Sequencing Data Processing and QC

Course manual site for the Genome Sequencing Bioinformatics course

Sequencing Data Processing and QC

FASTQ Data QC

Introduction

In the assignment, you will have an opportunity to view and run a set of FASTQ files through the FASTQC program and assess the html output reports.

Tools used in this session

FASTQC - https://www.bioinformatics.babraham.ac.uk/projects/fastqc/

Trimmomatic - https://github.com/usadellab/Trimmomatic

Please note Hand-in information
Please upload your completed assignment via the Vula ‘Assignments’ tab. Take note of the final hand-in date for each assignment, which will be indicated on Vula. Make use of the editable docx file on Vula to fill in your answers.

Task 1: Quality Control of a FASTQ dataset

The datasets for this assignment can be found on your VM here:

~/course_data/data_formats/data*

The dataset you will be working with first is paired end reads from an Escherichia coli K1 sample. The data has been produced on the Illumina MiSeq platform and is stored in the SRR957824.zip archive.

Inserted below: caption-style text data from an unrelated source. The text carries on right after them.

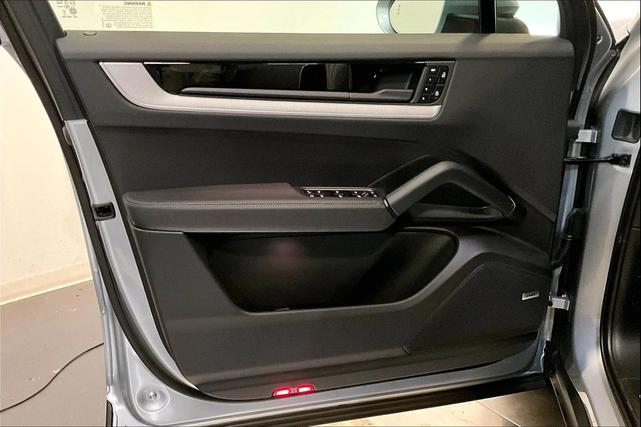 Photo of 2025 Dolomite Porsche Cayenne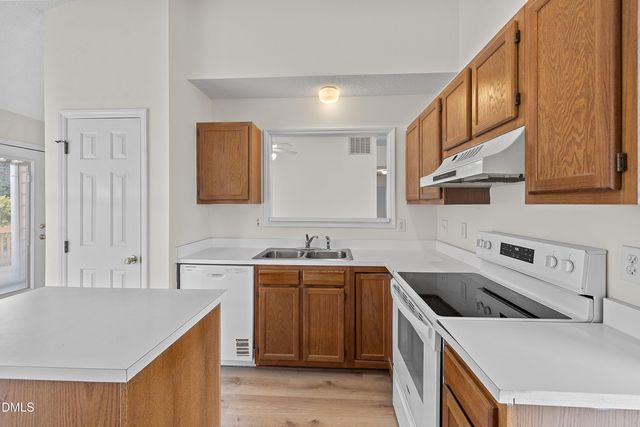 1024 Blackpine Court, Knightdale, NC 27545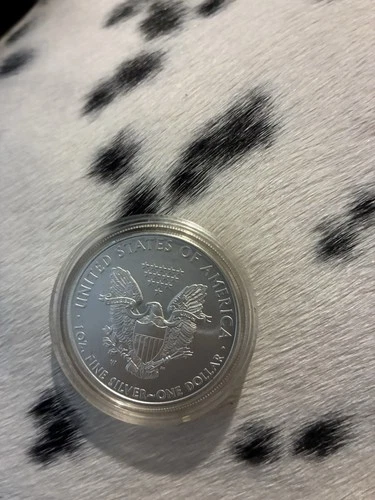 1 ounce silver 2008 WALKING LIBERTY AMERICAN EAGLE .999 FINE SILVER DOLLAR COIN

cd /course_data/data_formats/data

Unzip the SRR957824 archive and cd into the unzipped directory

gunzip SRR957824
cd SRR957824

View the files in the directory.

ls SRR957824

View the FASTQ files

zcat SRR957824_1.fastq.gz | less

Tip: You can use the space bar to scroll through the file and Q to quit. The suffix of _1 indicates that the file contains data for Read1.

readout2

Using a similar approach you can view the contents of the Read2 file.

zcat SRR957824_2.fastq.gz

readout2

Questions:

Question 1: Why are there two files for the single sample dataset?

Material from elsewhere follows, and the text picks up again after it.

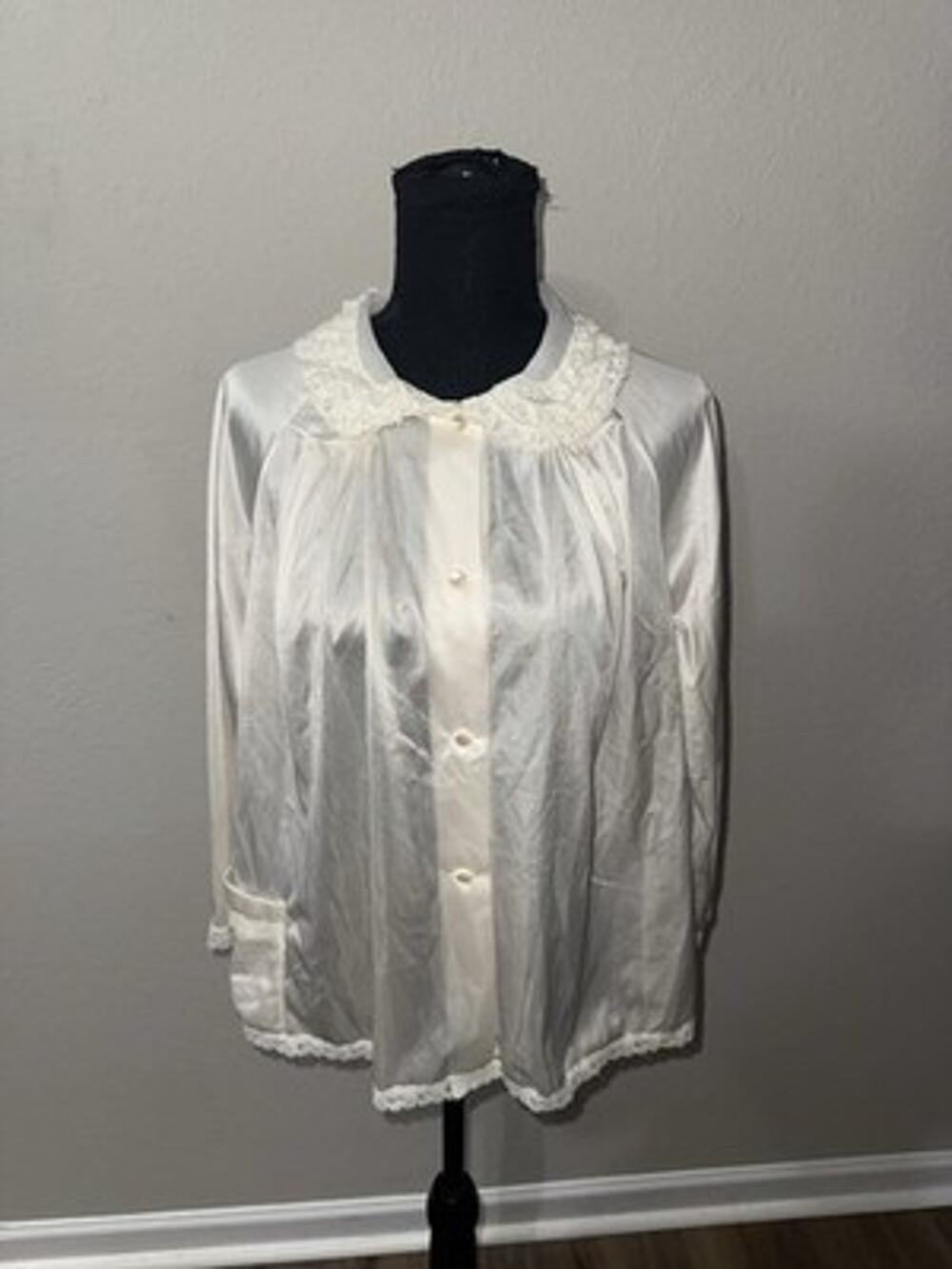 Vintage Shadowline Bed Jacket White Nylon Lace Collar Button Up Womens Small USA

Task 2: Run FASTQC on your dataset

The next step is to access the quality of our raw reads. We will do this by running FASTQC on our dataset.

fastqc SRR957824_1.fastq.gz

You may also run the analysis in parallel if you have multiple FASTQ files in a single directory.

fastqc SRR957824_1.fastq.gz SRR957824_2.fastq.gz

or using a wildcard

fastqc \*.fastq.gz

Tip: A tool called MultiQC (https://multiqc.info/) can be used to combine the results from several QC outputs into a single report. This may be useful when working with a large number of samples. FASTQC can also be run via a graphical user interface, via the terminal or in R Studio (fastqcr package).

Once the analysis is complete, you will notice that new files with a .html extension will be generated. This file contained the information report and images produced by the FASTQC program. We will open the file in the Firefox browser.

firefox SRR957824_1_fastqc.html

reportout1

This command should open the html report for read1 in the Firefox browser

In a similar way open the quality control report for Read2.

firefox SRR957824_2_fastqc.html

reportout2

Task 3: Interpretation of QC report

Compare the quality control reports for the two FASTQ files.

Question 2: Comment on the quality of the sequenced reads in file 1 and file 2.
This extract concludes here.